A Novel Dataset for Identifying Sex-Biased Genes in Drosophila

Nicholas W VanKuren 1,2, Maria D Vibranovski 2,3,
PMCID: PMC4091448  PMID: 25031657

Abstract

Phenotypic differences between males and females of sexually dimorphic species are caused in large part by differences in gene expression between the sexes, most of which occurs in the gonads. To accurately identify genes differentially expressed between males and females in Drosophila, we sequenced the testis and ovary transcriptomes of D. yakuba, D. pseudoobscura, and D. ananassae and used them to identify sex-biased genes in the latter two species. We highlight the increased sensitivity and improved power of sex-biased gene detection methods when using our testis/ovary data versus male and female whole body transcriptome data. We thus provide a resource specifically designed to accurately identify and characterize sex-biased genes across Drosophila. This dataset is available through NCBI GEO accession GSE52058.

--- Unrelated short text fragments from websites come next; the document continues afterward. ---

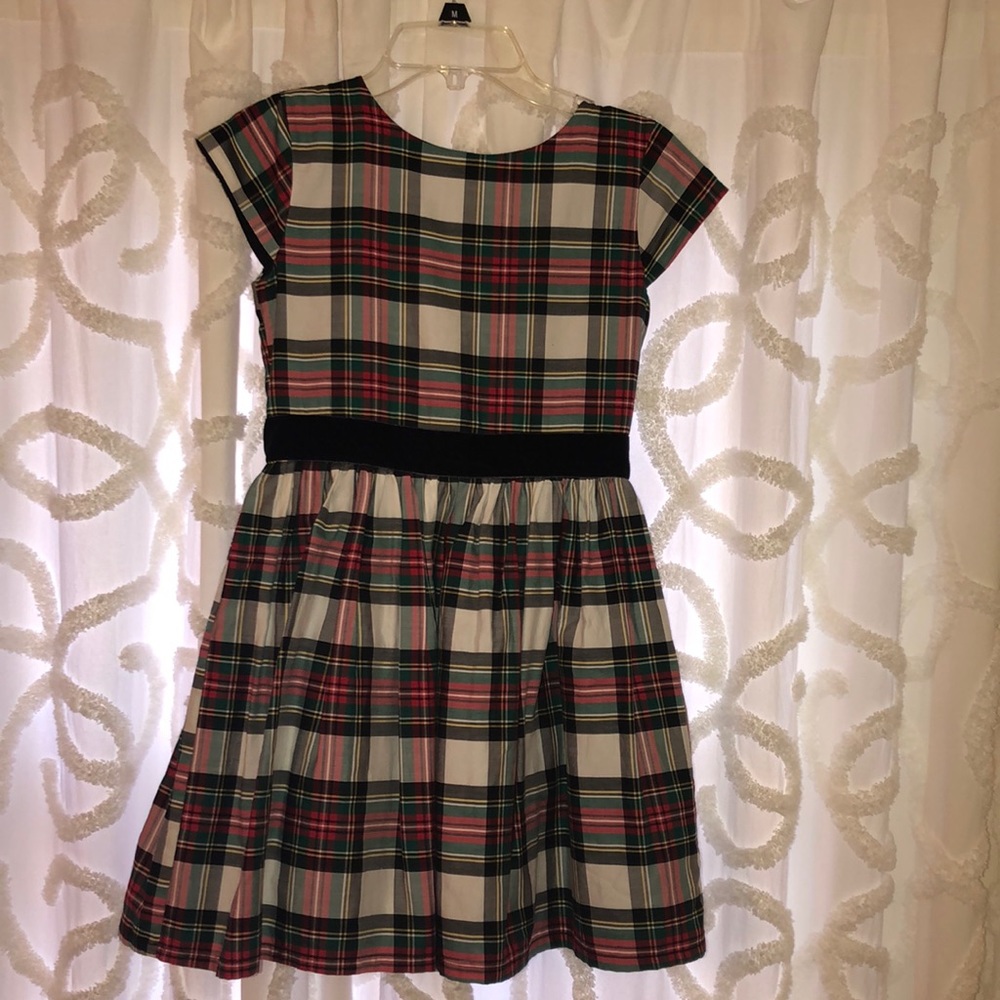 Plaid Holiday Christmas Dress girls size 8 from Carter’s. Lined and adorable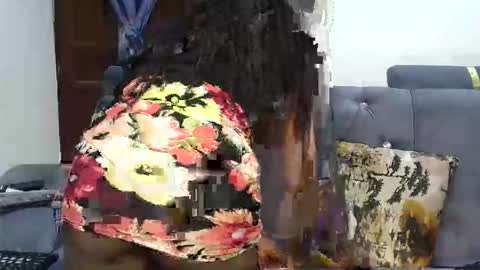 Ginger online show from 12/15/25, 07:51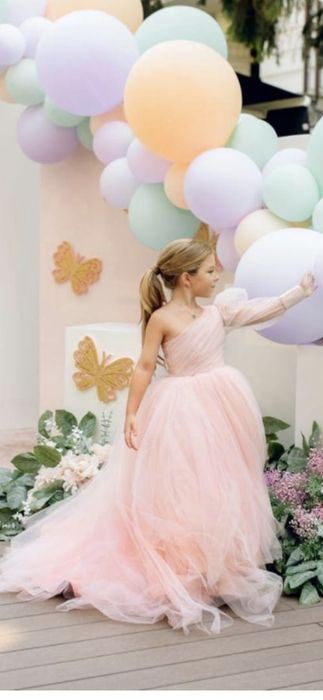 Rochie roz printesa superba 6-8 ani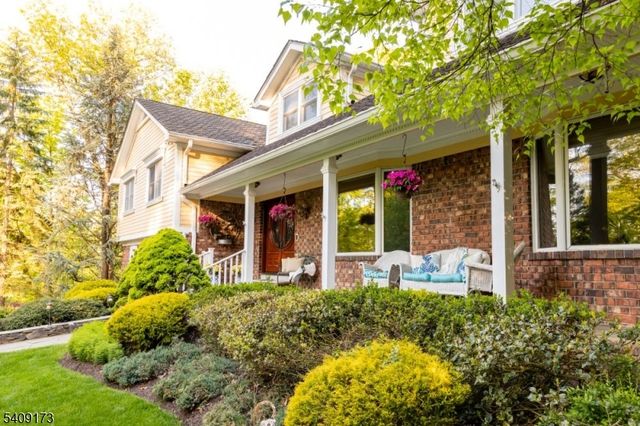 72 Stony Brook Rd, Montville Twp., NJ 07045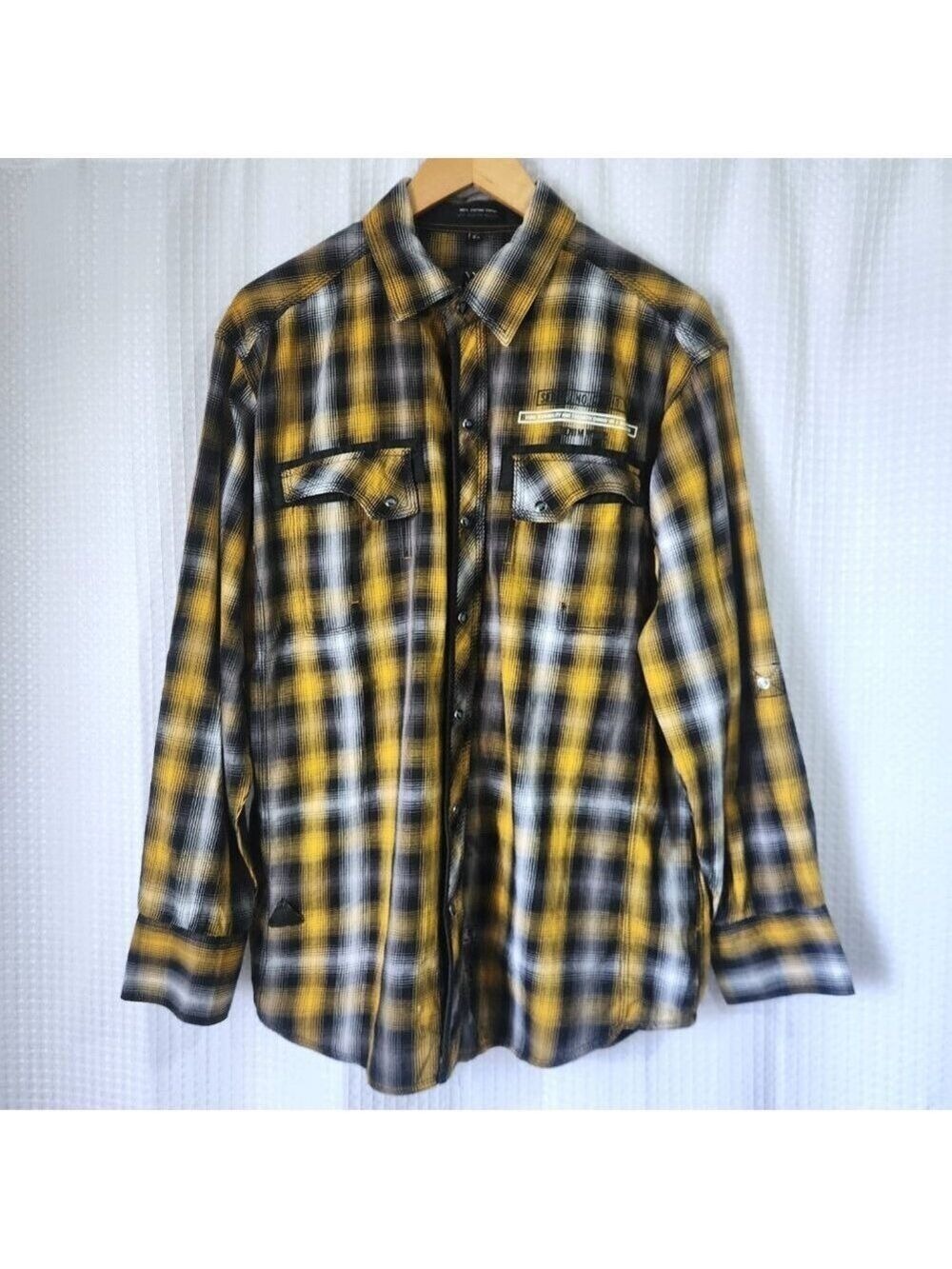 Men’s Plaid Snap Shirt • Western Style Long Sleeve Cotton Top • Size Medium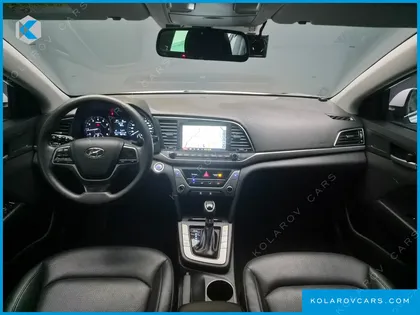 HYUNDAI ELANTRA (AVANTE) 1.6 GDI SMART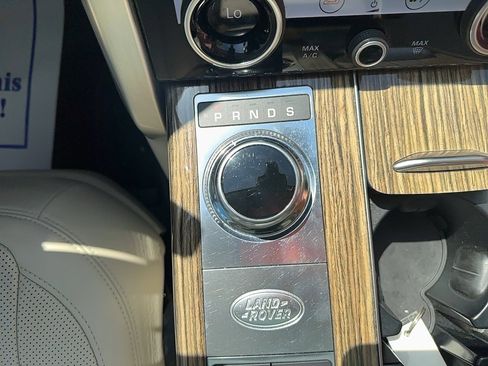 Used 2019 Land Rover Range Rover HSE image 18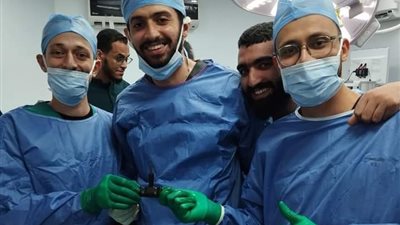 طاقم جراحة ينجح في استخراج مفك حديدي من رقبة طالب بالفيوم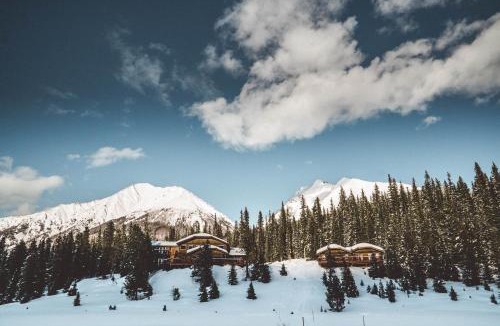 Spray Valley Provincial Park Cabin | Mount Engadine Lodge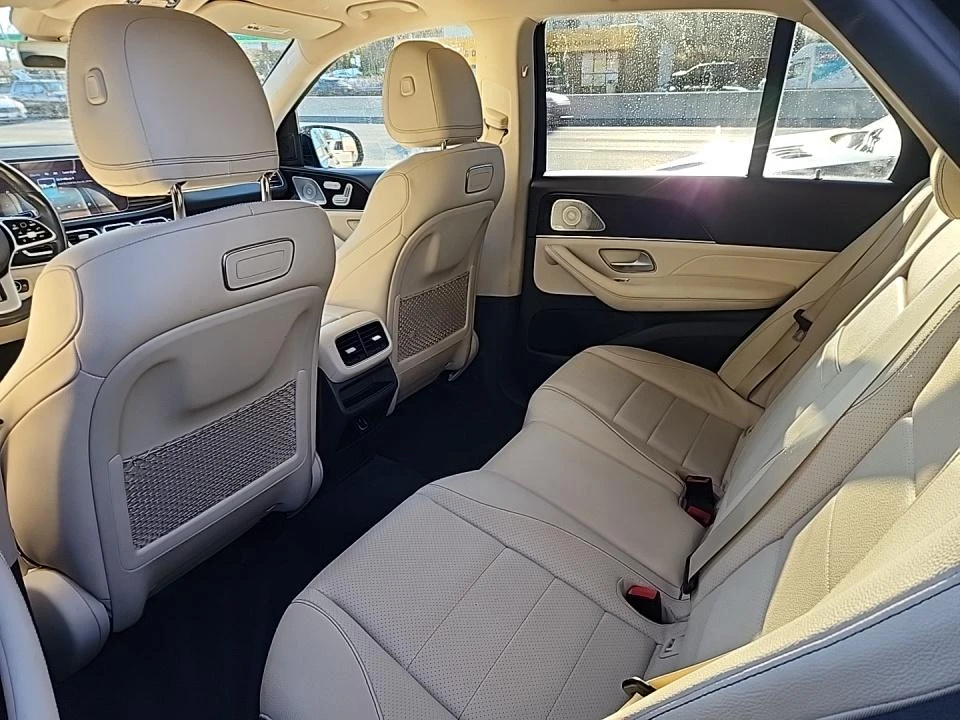 Mercedes-Benz GLE 350 4MATIC * CARFAX* DISTRONIC * BURMESTER, снимка 7 - Автомобили и джипове - 53719179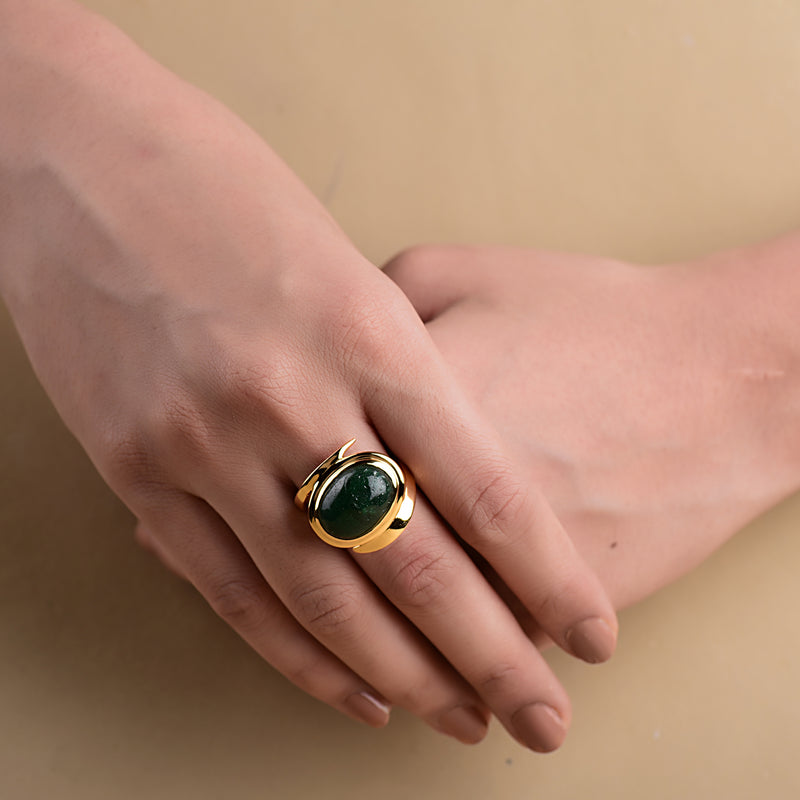 DAINTY GREEN ONYX RING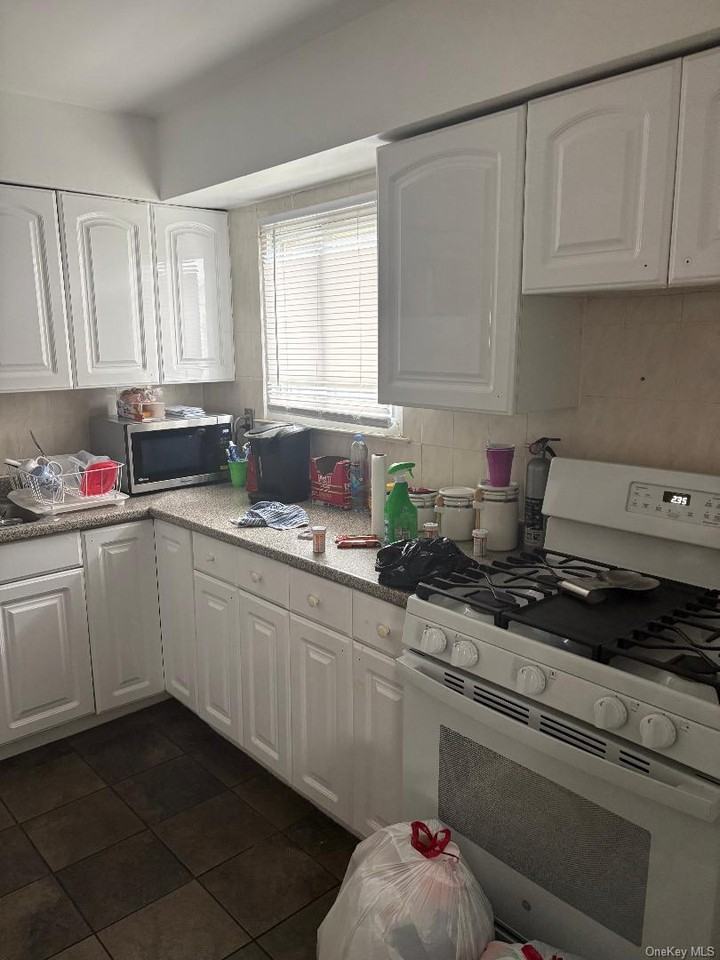 26 Quebec Rd ##2 - Photo 5 of 13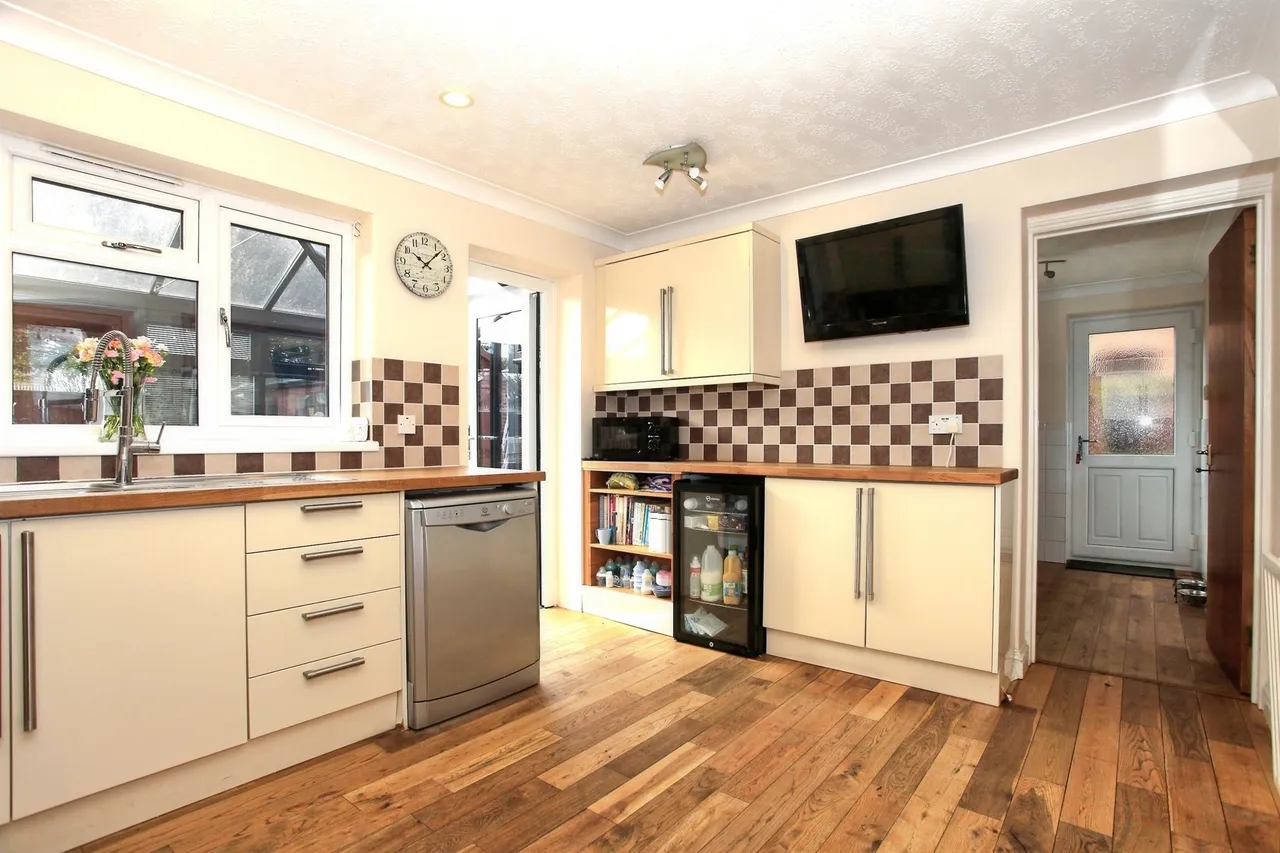 Colton Close, Peterborough, PE6, photo 5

Keywords: RNA-seq, testis, ovary, Drosophila pseudoobscura, Drosophila ananassae, Drosophila yakuba

INTRODUCTION

Differences in gene expression account for the majority of phenotypic differences between males and females of sexually dimorphic species 1. Thus, accurate identification of genes differentially expressed between males and females, i.e. sex-biased genes, is crucial for understanding the current state and evolution of the genomic architecture and mechanisms producing sexual dimorphism. The majority of sex-biased expression detected with microarrays in Drosophila occurs in gonads (e.g. 2), suggesting that accurate identification of sex-biased genes should be based on gene expression measurements in these sex-specific organs. To take advantage of the increased sensitivity of whole-transcriptome sequencing (RNA-seq), to avoid the limitations of whole body (WB) samples for detecting sex-biased gene expression, and to better understand sex-biased gene evolution in Drosophila, we sequenced testis and ovary mRNAs from D. pseudoobscura, D. ananassae, and D. yakuba.

METHODS

Flies were grown on cornmeal-molasses agar at 20oC (D. pseudoobscura 14011-0121.94) or 25oC (D. ananassae 14024-0371.13 and D. yakuba CSN). Virgin flies were collected and aged 6-10 days before dissecting 2-3 replicates of testes or ovaries. Total RNA was extracted from testis and ovary samples using the Arcturus® PicoPure® kit. Illumina® TruSeq® RNA kits were then used to poly-A+ select mRNA, reverse-transcribe mRNA using random priming, shear cDNA into 120-200 bp fragments, and produce libraries for 1x50 bp sequencing on an Illumina GAIIx or HiSeq2000 (Table S1). Illumina's Real Time Analysis v1.13 module processed raw images, called bases, and provided base qualities. We downloaded D. pseudoobscura r3.1 and D. ananassae r1.3 reference genomes and annotations from FlyBase (http://flybase.org), and modENCODE WB and reproductive tract RNA-seq data 3 from NCBI (Table S1). All reads were mapped to the appropriate reference genomes using Bowtie v2.1.0 with default parameters 4. Other D. pseudoobscura datasets 5 and our D. yakuba samples currently consist of one replicate and are likely unsuitable for sex-biased gene identification.

Table S1.

GEO, SRA, and modENCODE accessions and mapping statistics of datasets used in this study.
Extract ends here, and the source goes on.